» Required work
From the first line to the last, restate the records word for word, skipping the pictures.
-=-=-
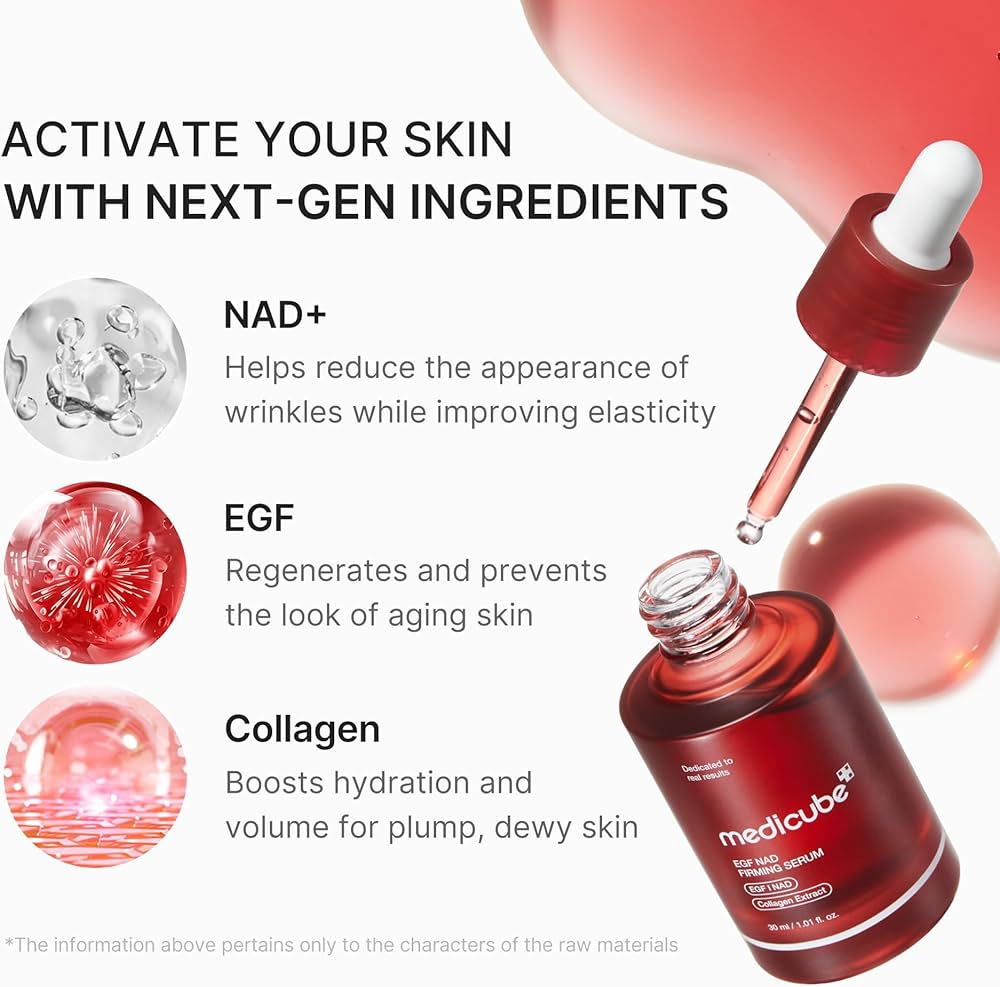 Medicube - NAD EGF FIRMING SERUM FOR FACE & NECK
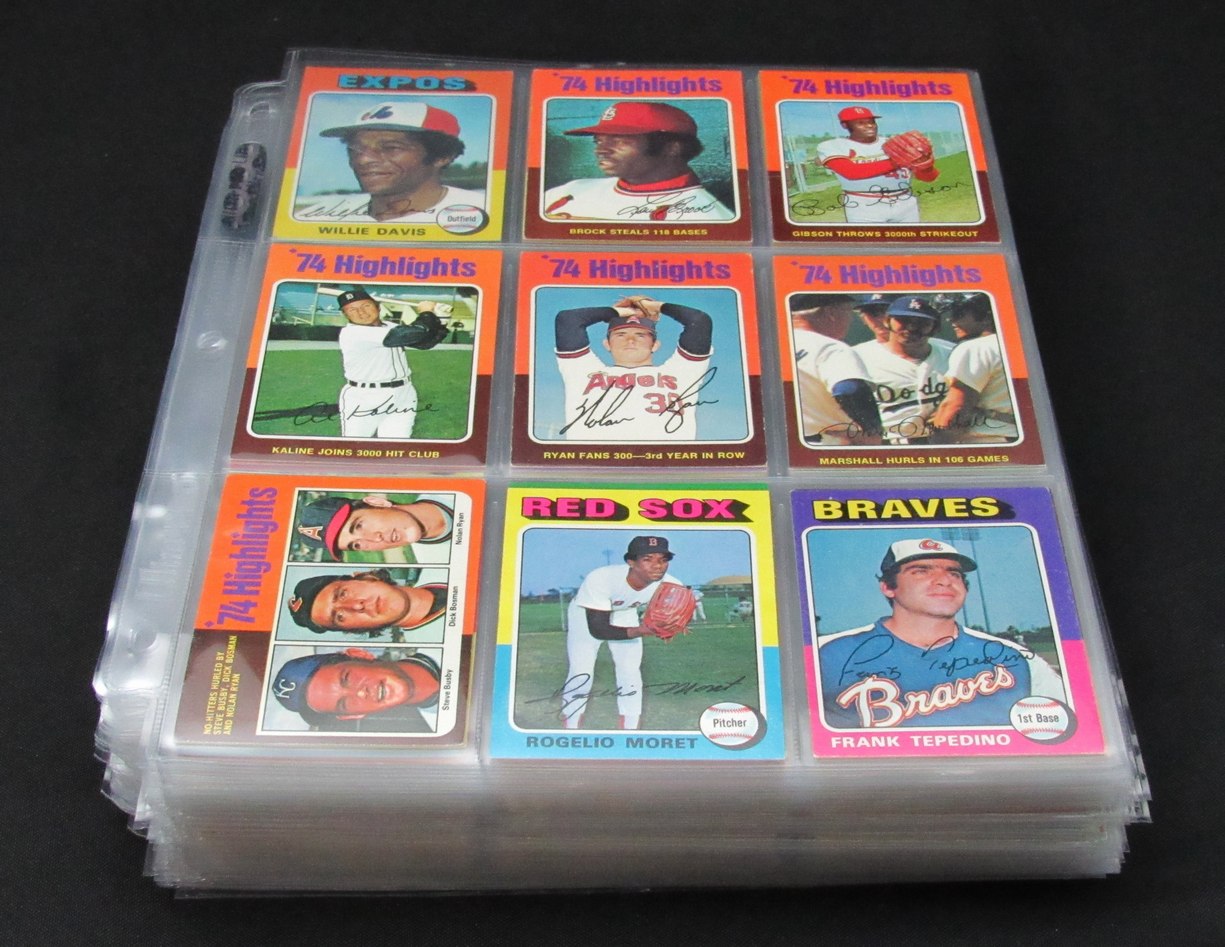 1975 Topps Baseball Card Complete Set (1-660) Brett Yount Aaron Schmidt 193611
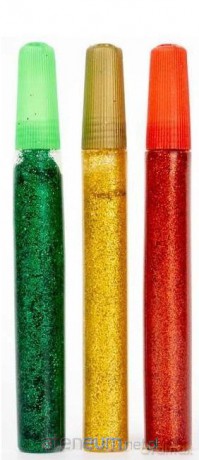 Brokat klej Shiny 3x10 ml - Zielony żółty czerwony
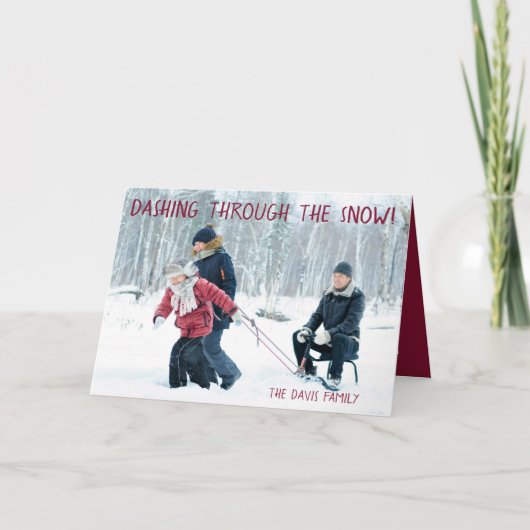 Foto, Weihnachten, Feiertagskarte (Vorderseite)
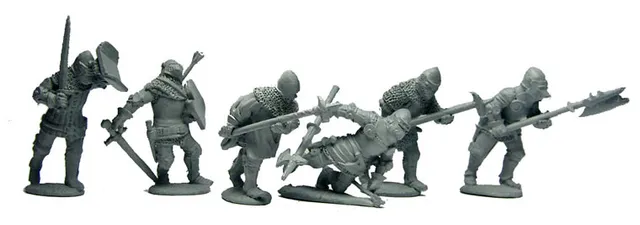Perry Miniatures Agincourt AO6 figurines hommes d’armes à pied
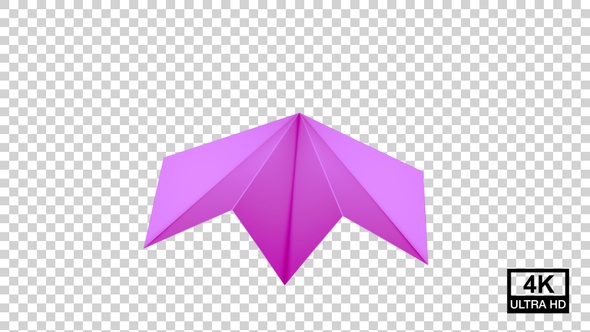 Paper Plane Floating On The Air Pink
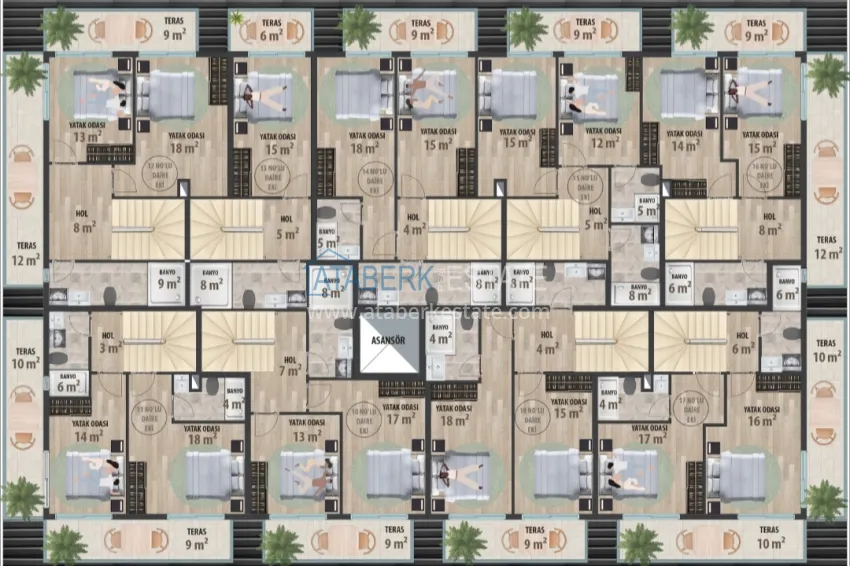 Buy cheap A new architectural masterpiece on the coast of Alanya, Turkler district — an investment project with villas and apartments 3 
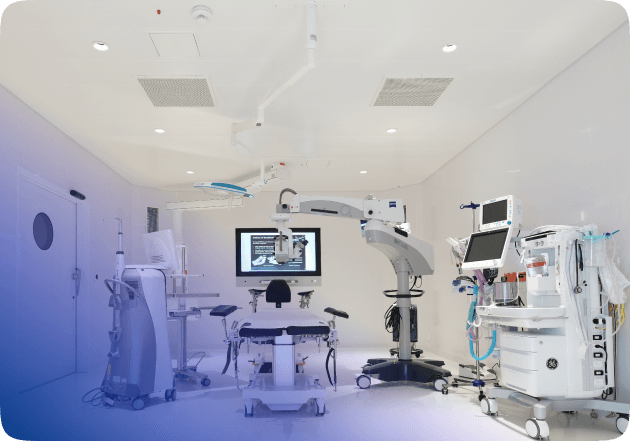 State of the art laser surgery room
-=-=-
» Reply to the exercise
 Medicube - NAD EGF FIRMING SERUM FOR FACE & NECK
 1975 Topps Baseball Card Complete Set (1-660) Brett Yount Aaron Schmidt 193611
 Brokat klej Shiny 3x10 ml - Zielony żółty czerwony
 Foto, Weihnachten, Feiertagskarte (Vorderseite)
Perry Miniatures Agincourt AO6 figurines hommes d’armes à pied
 Paper Plane Floating On The Air Pink
 Buy cheap A new architectural masterpiece on the coast of Alanya, Turkler district — an investment project with villas and apartments 3 
 State of the art laser surgery room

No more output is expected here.